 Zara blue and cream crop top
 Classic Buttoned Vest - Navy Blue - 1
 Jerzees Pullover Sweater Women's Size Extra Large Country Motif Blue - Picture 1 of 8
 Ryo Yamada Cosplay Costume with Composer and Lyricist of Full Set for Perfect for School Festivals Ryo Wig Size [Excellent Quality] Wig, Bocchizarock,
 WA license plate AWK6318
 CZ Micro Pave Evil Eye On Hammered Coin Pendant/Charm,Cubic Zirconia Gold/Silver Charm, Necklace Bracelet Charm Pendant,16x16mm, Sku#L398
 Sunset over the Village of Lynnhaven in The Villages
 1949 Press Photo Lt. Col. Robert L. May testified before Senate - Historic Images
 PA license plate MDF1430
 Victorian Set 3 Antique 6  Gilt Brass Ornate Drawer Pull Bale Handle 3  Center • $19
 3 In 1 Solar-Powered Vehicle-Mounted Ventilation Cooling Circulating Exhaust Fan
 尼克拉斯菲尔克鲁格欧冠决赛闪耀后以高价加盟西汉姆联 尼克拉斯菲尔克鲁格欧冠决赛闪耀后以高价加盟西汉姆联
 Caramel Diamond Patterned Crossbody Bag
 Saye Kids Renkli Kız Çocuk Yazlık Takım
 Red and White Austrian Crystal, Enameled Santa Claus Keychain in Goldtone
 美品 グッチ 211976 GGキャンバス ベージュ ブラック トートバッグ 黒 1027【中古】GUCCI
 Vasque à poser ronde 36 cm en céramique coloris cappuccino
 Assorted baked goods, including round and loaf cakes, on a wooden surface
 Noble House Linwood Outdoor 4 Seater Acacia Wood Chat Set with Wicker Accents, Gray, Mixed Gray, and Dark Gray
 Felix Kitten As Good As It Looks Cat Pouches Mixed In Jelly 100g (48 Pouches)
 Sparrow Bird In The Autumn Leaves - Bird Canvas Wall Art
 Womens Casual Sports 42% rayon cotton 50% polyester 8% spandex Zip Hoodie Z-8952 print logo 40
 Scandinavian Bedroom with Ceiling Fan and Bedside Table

What to do | Copy the material above so that it matches line for line.

Answer to this problem |
 Zara blue and cream crop top
 Classic Buttoned Vest - Navy Blue - 1
 Jerzees Pullover Sweater Women's Size Extra Large Country Motif Blue - Picture 1 of 8
 Ryo Yamada Cosplay Costume with Composer and Lyricist of Full Set for Perfect for School Festivals Ryo Wig Size [Excellent Quality] Wig, Bocchizarock,
 WA license plate AWK6318
 CZ Micro Pave Evil Eye On Hammered Coin Pendant/Charm,Cubic Zirconia Gold/Silver Charm, Necklace Bracelet Charm Pendant,16x16mm, Sku#L398
 Sunset over the Village of Lynnhaven in The Villages
 1949 Press Photo Lt. Col. Robert L. May testified before Senate - Historic Images
 PA license plate MDF1430
 Victorian Set 3 Antique 6  Gilt Brass Ornate Drawer Pull Bale Handle 3  Center • $19
 3 In 1 Solar-Powered Vehicle-Mounted Ventilation Cooling Circulating Exhaust Fan
 尼克拉斯菲尔克鲁格欧冠决赛闪耀后以高价加盟西汉姆联 尼克拉斯菲尔克鲁格欧冠决赛闪耀后以高价加盟西汉姆联
 Caramel Diamond Patterned Crossbody Bag
 Saye Kids Renkli Kız Çocuk Yazlık Takım
 Red and White Austrian Crystal, Enameled Santa Claus Keychain in Goldtone
 美品 グッチ 211976 GGキャンバス ベージュ ブラック トートバッグ 黒 1027【中古】GUCCI
 Vasque à poser ronde 36 cm en céramique coloris cappuccino
 Assorted baked goods, including round and loaf cakes, on a wooden surface
 Noble House Linwood Outdoor 4 Seater Acacia Wood Chat Set with Wicker Accents, Gray, Mixed Gray, and Dark Gray
 Felix Kitten As Good As It Looks Cat Pouches Mixed In Jelly 100g (48 Pouches)
 Sparrow Bird In The Autumn Leaves - Bird Canvas Wall Art
 Womens Casual Sports 42% rayon cotton 50% polyester 8% spandex Zip Hoodie Z-8952 print logo 40
 Scandinavian Bedroom with Ceiling Fan and Bedside Table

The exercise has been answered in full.